Allein schon, dass überhaupt Sachsen etwas über das Emsland schreiben dürfen. Udo, übernehmen Sie, bitte!

nur bei uns

25. November 2011

Über den neuen Bildband  “Expeditionen ins Emsland” von Gerhard Kromschröder habe ich  bereits berichtet. Zuletzt gestern und heute gibt es schon wieder Neues. Der Emskopp schreibt gerade:

„Seit gestern steht eine Besprechung des Buches sowie eine Fotostrecke bei ZEIT ONLINE, und nicht nur die sind lesens- und anschauenswert, sondern auch die zahlreichen Kommentare, die in Teilen an die Reaktionen auf die Filmchen der Deichkönigin erinnern.

Auch eine weitere Reaktion erinnert daran. Heute erreichte die ZEIT-Redakteurin Tina Groll nämlich eine Mail von Udo Mäsker, Sprecher des Landkreises Emsland“, und die veröffentlicht gerade der Emskopp in seinem Blog und sie darf meiner verehrten Leserschaft nicht vorenthalten werden:

Sehr geehrte Frau Groll,

mit Interesse haben wir Ihren Artikel im Onlineauftritt der Zeit zum Bildband “Expeditionen ins Emsland” gelesen – der allerdings leider eine sehr einseitige, verzerrte Sichtweise vertritt und (wie die Bildauswahl von Herrn Kromschröder) längst überholte Klischees bedient. Das Emsland ist heute tatsächlich ein moderner Wirtschafts- und Lebensstandort mit einer sehr hohen Lebensqualität (einige Eindrücke sowie grundlegende Fakten finden Sie bei Interesse unter http://www.emsland.info). Eine Vielzahl starker Unternehmen ist hier ansässig, auch die Arbeitslosigkeit von unter 3 Prozent ist kein Zufall. Zahlreiche Stärken – von Familienfreundlichkeit und Bildung über das Freizeitangebot bis hin zum Klimaschutz – möchte ich an dieser Stelle gar nicht weiter thematisieren. Im Übrigen leben heute 313.000 Menschen im Emsland und damit fast 75.000 mehr als noch 1980 – es haben sich also offenbar nicht wenige Menschen in diesen Landstrich verliebt und sind hier heimisch geworden. Zudem hat der Landkreis sehr wohl “Karriere als Touristen-Gegend gemacht”, seine touristischen Wachstumszahlen suchen ihresgleichen: In den letzten zwanzig Jahren sind die entsprechenden Kennzahlen um fast 150 Prozent gestiegen und liegen damit weit über dem Landesschnitt. 1,8 Millionen Übernachtungen pro Jahr sprechen eine deutliche Sprache.

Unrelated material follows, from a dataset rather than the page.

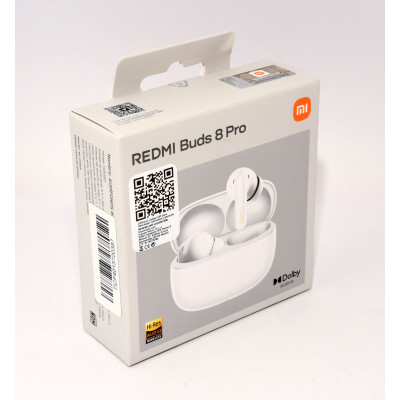 AURICULARES BT REDMI BUDS 8 PRO PRECINTADO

Wir möchten Sie daher herzlich willkommen heißen, sich persönlich ein Bild vom Landkreis Emsland zu machen. Denn die Wahrheit liegt weder in einem einseitigen Bildband, noch in irgendwelchen “Treckerfurchen” – sondern nur bei uns vor Ort im Emsland. Vielleicht nutzen Sie die Chance, sich mit unserem offenbar nach wie vor verkannten Landstrich etwas genauer auseinander zu setzen!

Mit freundlichen Grüßen aus Meppen,

Udo Mäsker

Tja, er springt sehr kurz, der Herr Pressesprecher.

Heute geht übrigens der neue Emskopp in Druck. Er erscheint in der kommenden Woche und enthält  ein Interview mit Gerhard Kromschröder.